The judge told Boak, of Halifax, West Yorks., his victims were ‘particularly vulnerable’ because they were women desperate to be cured of long-standing ailments which had not been successfully treated by conventional medicine.
Boak’s first victim, a mother-of-three, had gone to him with chronic back pain in 2003, and he had groped her before continuing with the treatment as if nothing had happened.

As the judge was explaining the background of the case, he broke off to address Boak, who sat shaking his head in the dock, saying: ‘I can see you shaking your head, Mr Boak, which demonstrates you continue unwillingness to demonstrate any remorse whatsoever.’
The court heard that because the first victim was unable to report the attack, Boak was free to move on to another victim.
His second victim had put her trust in Boak and agreed to be naked in the healing sessions, because he assured her the treatment would be more effective this way. But on their last session he kissed her breasts and touched her genitals.
Then, in 2012, Boak attacked another patient – putting his hands down her top onto her breasts and groping her.
His last victim went to the police to make a complaint – and during the course of police investigations the second complainant, who was attacked seven years previously, was found.
The first victim came forward after seeing a report of Boak’s court appearance in a local paper.
Michelle Lofthouse, for Boak, told the court that her client was relied upon by his wife due to ill-health, but Judge Rose pointed out that the offences had taken place when his wife was in the house.
Telling Boak that the public ‘needed protection’ from people who they place their trust in, Judge Rose handed him a two-year sentence for each of the three offences, which will run concurrently.

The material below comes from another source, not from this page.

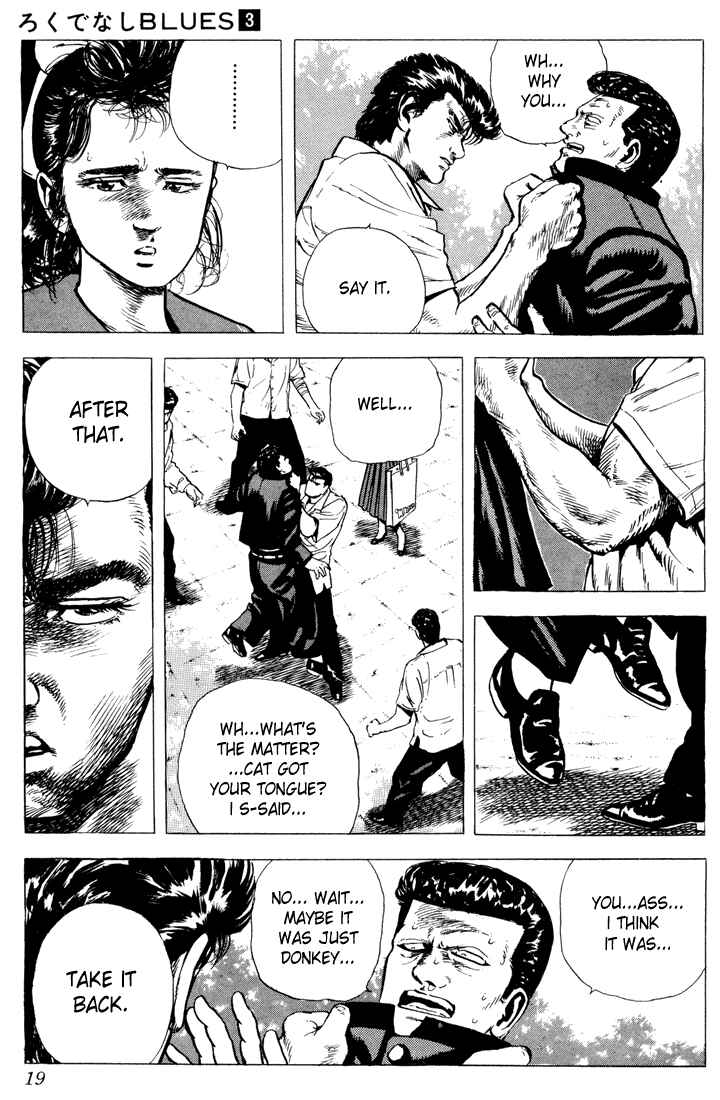 Page 13 Chapter 19 Rokudenashi Blues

He ordered Boak to sign onto the Sex Offender’s Register for ten years. And he was also made subject to an indefinite Sexual Offences Protection Order, which prohibits Boak from conducting any treatment in person with a female unless accompanied by a person over 18 years of age.

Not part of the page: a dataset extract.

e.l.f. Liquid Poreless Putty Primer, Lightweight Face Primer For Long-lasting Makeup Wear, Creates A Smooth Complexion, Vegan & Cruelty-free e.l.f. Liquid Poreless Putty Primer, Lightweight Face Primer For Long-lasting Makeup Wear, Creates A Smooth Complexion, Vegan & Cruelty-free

One of the victim’s husbands said in a statement after the sentencing: ‘My wife and I are relieved that George Boak has been convicted of sexual offences unanimously. He has rightly been exposed as the cruel and arrogant sex offender that he is.

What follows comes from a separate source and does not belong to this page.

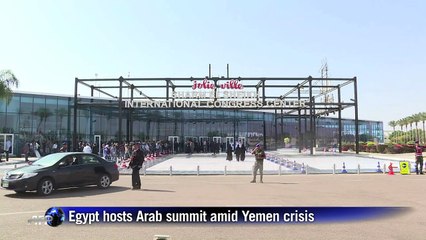 Arab summit opens in Egypt amid Yemen crisis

‘He exposed my wife and his other victims to the ordeal of a trial during which they have been forced to relive the horrific experiences that they have had to live with for years’
– Husband of one of Boak’s victims
‘He exposed my wife and his other victims to the ordeal of a trial during which they have been forced to relive the horrific experiences that they have had to live with for years.
‘I am proud of my wife and the other two ladies for having the strength to endure this and bring George Boak to justice.
‘Throughout this ordeal George Boak showed no remorse for his actions.
‘These brave ladies will continue to have to live with these memories even though his conviction brings an element of closure for them.
‘He allowed my wife and the others into his home at a time when, using his own word, they were desperate to achieve relief from chronic pain.
‘They trusted him and he abused that trust in the most depraved way.
‘He denied them the healing that he can undoubtedly offer but worse still, he took away their trust and damaged their health and well-being.
‘We hope he will accept his guilt and that his family, like his survivors, are able to cope with the consequences of his crimes.
‘We also hope that this case will act as a message to abusers that they cannot act with impunity and that it may inspire other victims of sexual crime to report such offences to the police.’